The “Building the Education Revolution” has also been a farce and an embarrassment to both Kevin Rudd and Julia Gillard. With Peter Garrett, these three ministers are lucky they are not company directors otherwise they would be prosecuted by ASIC, cross examined by liquidators and sued by shareholders. It is a pity that some years ago our business leaders did not demand of our politicians that any corporate governance rules applying to them would be willingly accepted if the politicians imposing them agreed to be bound by the same rules.
Some weeks ago, the Prime Minister was passionately in favour of “a big Australia”. You know that when a process driven politician like Rudd declares himself passionately in favour of something, it means he has only just discovered the idea, this is especially true in his case given that this passionate belief like most of his ideas, only lasted a few weeks until he realised his passionate belief was not shared by the voters.
If you add closure of the insulation scheme, the failure of Grocery Choice and Fuel Watch to the debacle over the Green Loans scheme, his border protection policies and the now failed child care centre scheme, you are right to conclude that Kevin Rudd’s hide is much thicker than that of any politician we have ever known in this country.

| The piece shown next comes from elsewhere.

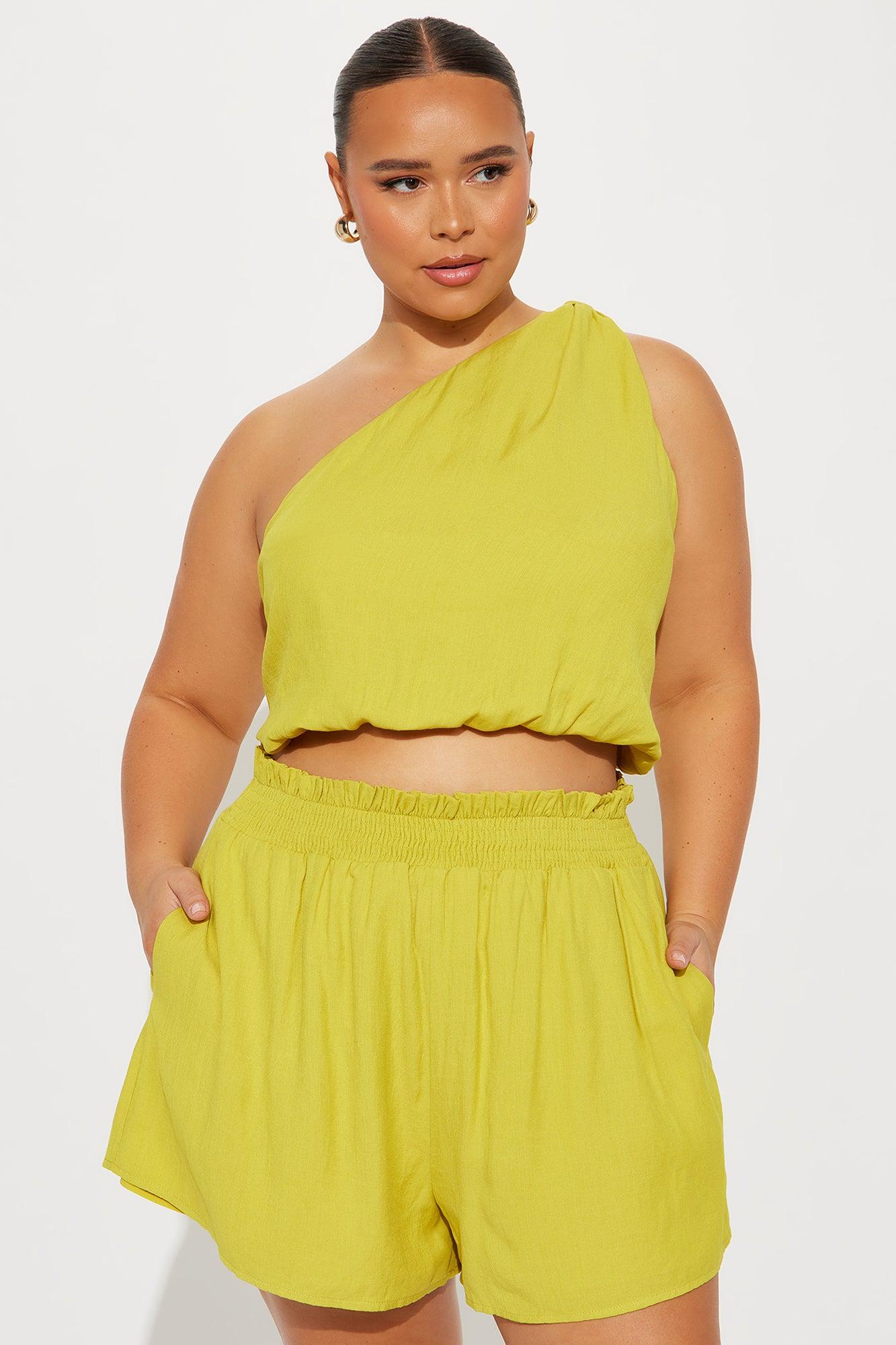 Serena Linen Short Set - Chartreuse Product Image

Having been responsible for some of the greatest policy failings this country has ever seen, he would be forgiven for being so humiliated that together with Gillard and Garrett, they never showed their faces in public again.
Agree with him or not on the policies, the only runs Rudd could say he has scored are the two apologies and the signing of Kyoto which only saw him capitalise on the work done over many years by others. Just like a footballer whose only game for the year is the winning Grand Final in which he was selected due to other player injuries.
With such a record of failure and incompetencies, he should not claim credit for any success in relation to his policies pertaining to the GFC which were by good luck rather than good management. He inherited the best economy in the Western world, spent too much money and working families now have six interest rate rises as a result of it.
Kevin Rudd has now announced a disastrous new tax regime which will seriously damage the mining industry. The last thing Australians need is Kevin Rudd trying to overhaul the tax system. Another fiasco looms. What Kevin Rudd needs is less power, less money, less influence and fewer Cabinet Ministers prepared to go along with this circus. Anyone with a nodding acquaintance of politics in this country knows that Colin Barnett and John Brumby were right. Why give any more power to a man whose Prime Ministerial record is bad beyond belief and whose period in office will be ridiculed by history?
Kevin Rudd now leads a Government in crisis. His capacity to deliver anything successfully must be severely shattered. He is a man without friends in the Labor Party. He is a loner. Not only without friends, but with a huge number of enemies inside his own Party. Why would the electorate keep liking a man so intensely disliked by those that know him best.